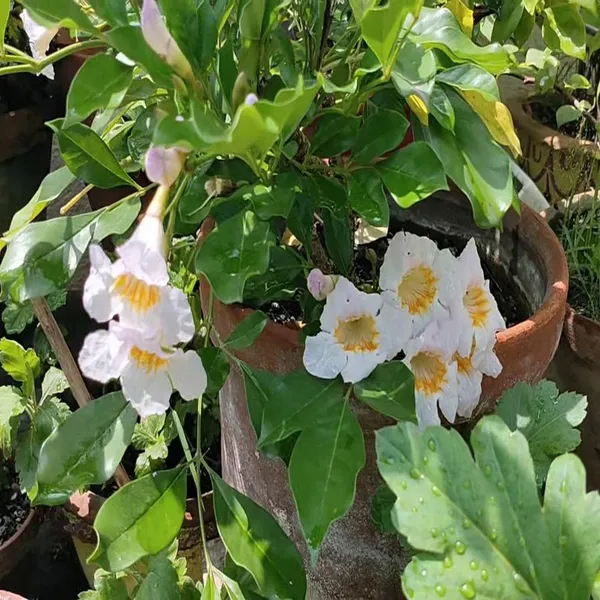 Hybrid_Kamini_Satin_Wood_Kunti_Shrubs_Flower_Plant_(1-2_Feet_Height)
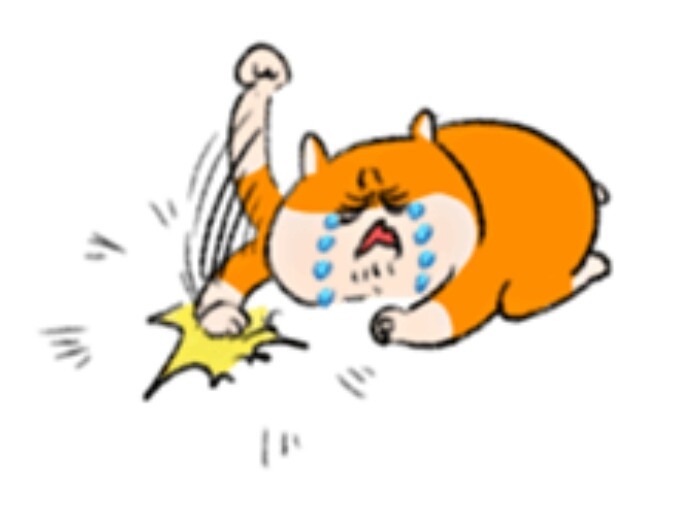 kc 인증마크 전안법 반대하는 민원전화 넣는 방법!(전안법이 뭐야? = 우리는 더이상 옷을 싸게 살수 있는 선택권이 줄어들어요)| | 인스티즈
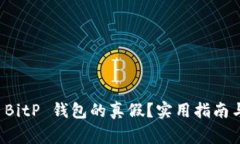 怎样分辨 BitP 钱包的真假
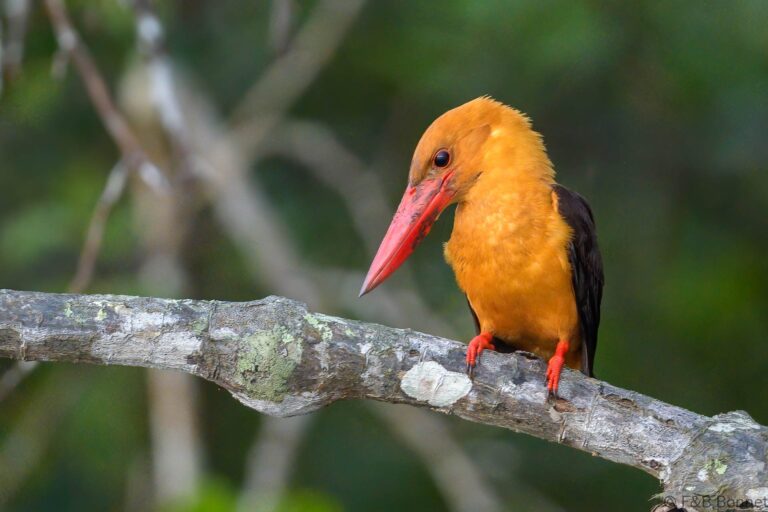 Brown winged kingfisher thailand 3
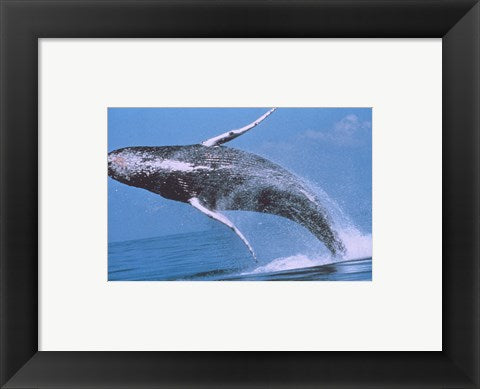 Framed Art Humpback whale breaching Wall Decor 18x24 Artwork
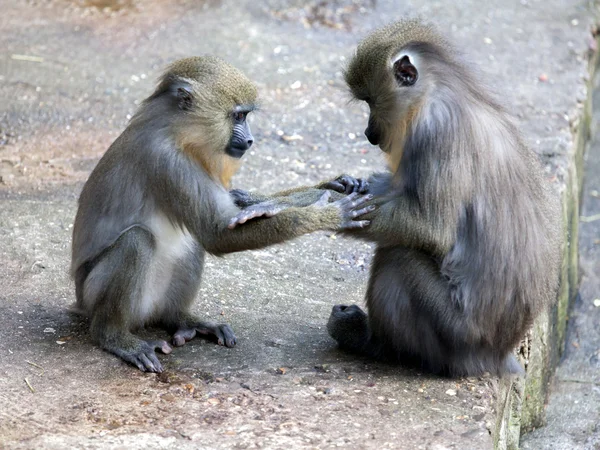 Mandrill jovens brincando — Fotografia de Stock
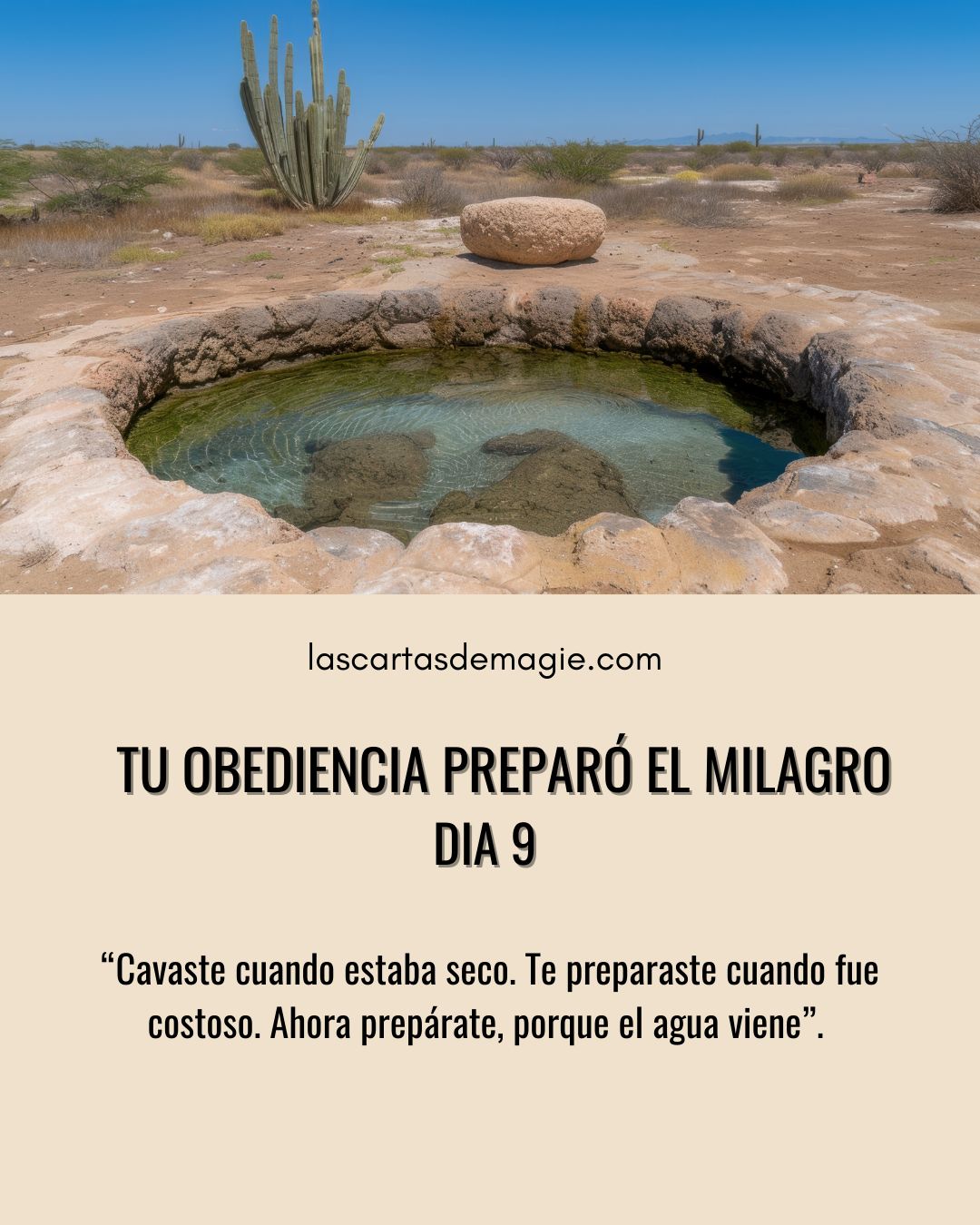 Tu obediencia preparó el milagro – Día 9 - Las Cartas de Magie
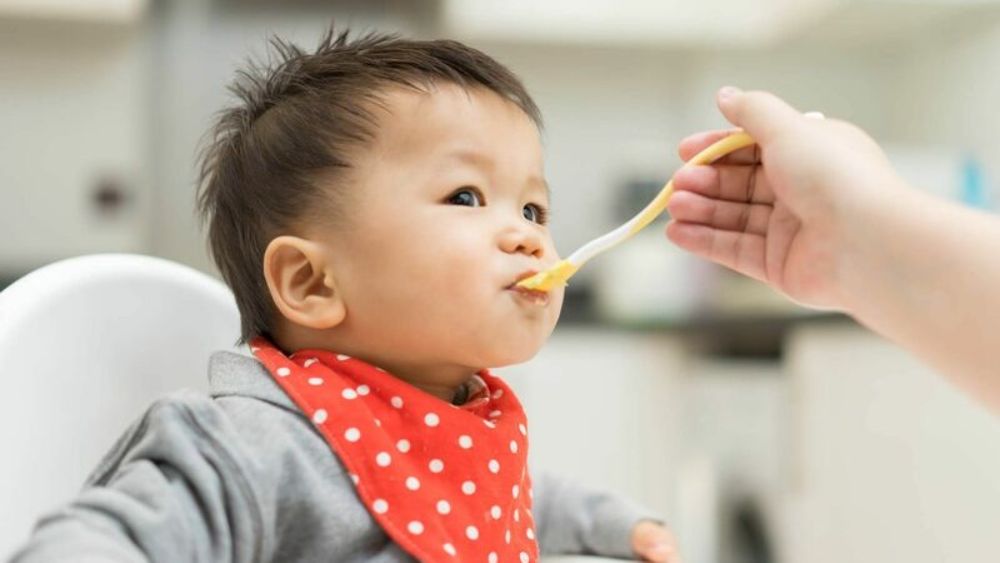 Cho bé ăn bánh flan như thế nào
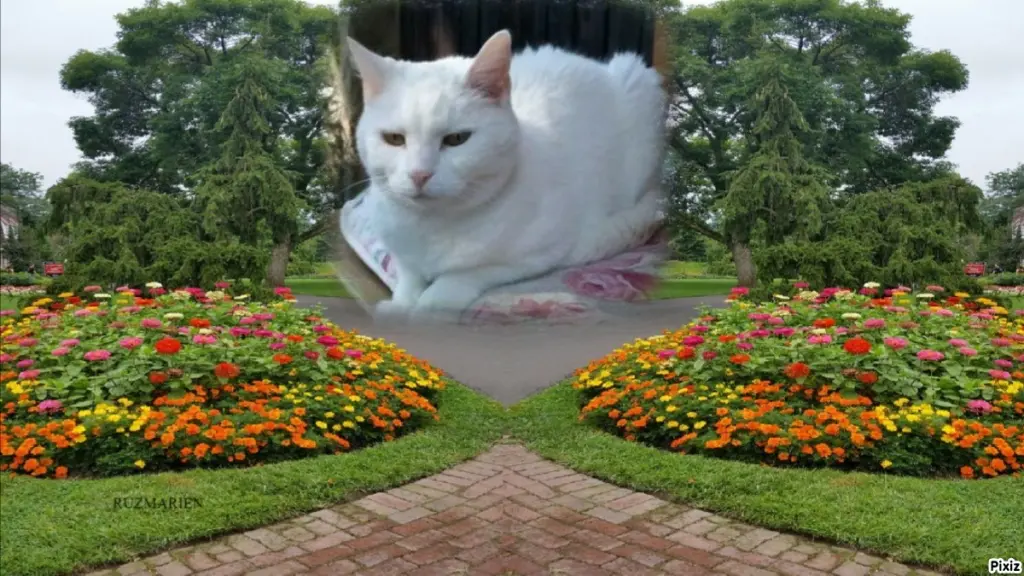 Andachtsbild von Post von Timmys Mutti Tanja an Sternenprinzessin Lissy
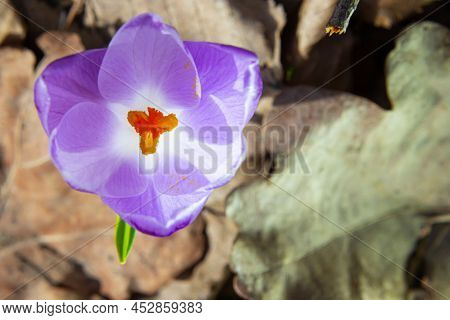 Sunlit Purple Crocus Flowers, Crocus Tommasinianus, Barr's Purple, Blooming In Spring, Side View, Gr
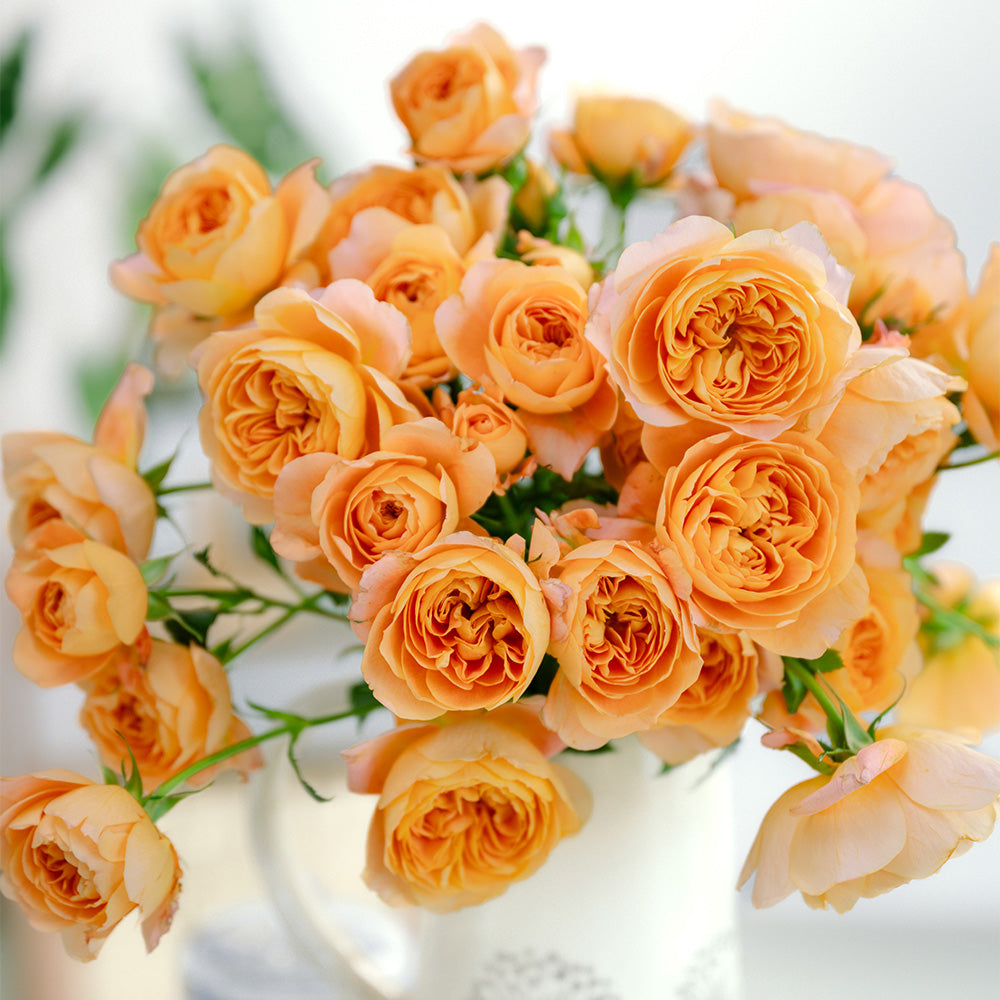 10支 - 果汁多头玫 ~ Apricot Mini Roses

#### PROMPT
Among the entries above, locate the line with "kc 인증마크 전안법" and the line with "Sunlit Purple Crocus". Give those two lines and all lines between them again, exactly, leaving out the pictures.

#### EXPECTED OUTPUT
 kc 인증마크 전안법 반대하는 민원전화 넣는 방법!(전안법이 뭐야? = 우리는 더이상 옷을 싸게 살수 있는 선택권이 줄어들어요)| | 인스티즈
 怎样分辨 BitP 钱包的真假
 Brown winged kingfisher thailand 3
 Framed Art Humpback whale breaching Wall Decor 18x24 Artwork
 Mandrill jovens brincando — Fotografia de Stock
 Tu obediencia preparó el milagro – Día 9 - Las Cartas de Magie
 Cho bé ăn bánh flan như thế nào
 Andachtsbild von Post von Timmys Mutti Tanja an Sternenprinzessin Lissy
 Sunlit Purple Crocus Flowers, Crocus Tommasinianus, Barr's Purple, Blooming In Spring, Side View, Gr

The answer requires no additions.